In addition to Seale’s erroneous suggestion that it was Israel alone which charged Syria with using chemical weapons – French and British intelligence claimed on April  18 (several days before the Israeli claims cited by Seale) that “there is credible evidence that Syria has fired chemical weapons”  – his argument that such charges are without “proof” is contradicted by recent statements by the Obama Administration  charging Assad with using such weapons.

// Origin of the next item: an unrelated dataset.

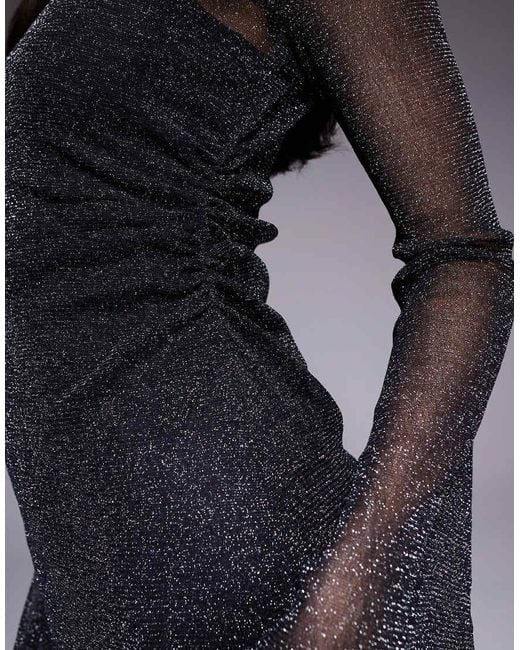 ASOS Gray Grown On Neck Flute Sleeve Mini Glitter Mesh Dress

Seale’s commentary continues: 

As it happened, [Israeli] General Brun made his accusation against Syria during a three-day visit to Israel by America’s new Defence Secretary, Chuck Hagel — a man whose appointment Israel’s supporters in the United States had sought to prevent. Some Jewish organisations had come close to calling him anti-Semitic. Only by eating humble pie did Hagel manage to have his appointment confirmed. He now clearly hopes to put an end to his quarrel with America’s pro-Israeli lobby.

On this his first visit to Israel as Defence Secretary, he announced that Israel was to receive a rich haul of advanced U.S. weapons — air refuelling tankers, cutting-edge radar and the V-22 Osprey ‘tiltrotor’ aircraft, an advanced plane so far denied to all other US allies. But Hagel’s generous gesture was to no avail.

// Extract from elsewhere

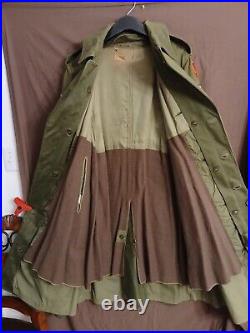 Vintage Military Korean War Overcoat/ Trenchcoat, Removeable Wool Liner, Reg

Seale’s facile logic assumes that the decision by the US Defense Department to sell Israel advanced weaponry – which was part of a broader Middle East arms package which included weapons sales to Saudi Arabia and the United Arab Emirates – must be the result, not of deliberations by the national security apparatus of the Obama administration, but of Secretary Hagel’s wish to mollify the pro-Israel lobby.

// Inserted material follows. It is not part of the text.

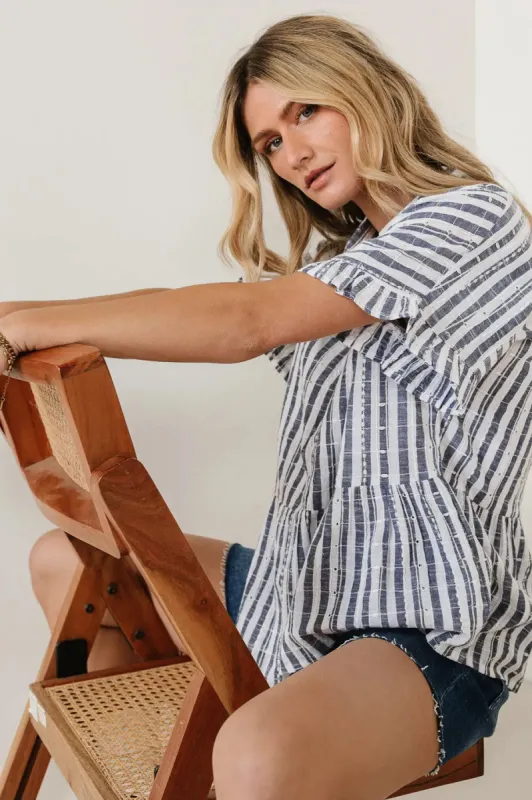 Taylin Striped Peplum Top - FINAL SALE sold by bohme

Seale then jumps to his broader conclusion:

Although Israel was evidently delighted with the weapons, this did not inhibit it from accusing Syria of using chemical weapons — clearly in the hope of provoking a U.S. attack on that country.

Hagel was angry that Israel was putting pressure on the United States to intervene in Syria. The Israeli authorities may well have thought that Hagel, still recovering from the beating pro-Israelis had given him in Washington, would not dare dispute Israel’s assessment

Finally, Seale makes this extraordinary leap:

By insisting that the Syrian government had used chemical weapons, General Brun’s aim seems to have been to persuade the United States to destroy both the Syrian regime and its Hezbollah ally

Interestingly, however, while some anti-Zionists have indeed accused Israel of siding with the rebels, many others have made the opposite claim – that Israel is siding with Assad and against the revolution in order to maintain relative peace on their northern border.  The failure of anti-Israel propagandists to stay on message aside, Israel has continually made it clear both in word and in deed that it is not at war with Syria, but primarily concerned with the threat posed by Hezbollah – an Iranian backed heavily armed Shiite Islamist terror group occupying large swaths of Lebanon.

Moreover, you’d be hard pressed to find a commentator or analyst other than Seale who has seriously argued that Israel is deviously trying to provoke the US into a Middle East war against its will. Seal’s accusation that Israel is “provoking” the US to “destroy” both the Syrian regime and Hezbollah is pure fantasy, concocted by a lazy and easily suggestible mind mired in historically based conspiratorial notions imputing enormous power to both the Jewish state and its supporters in the US.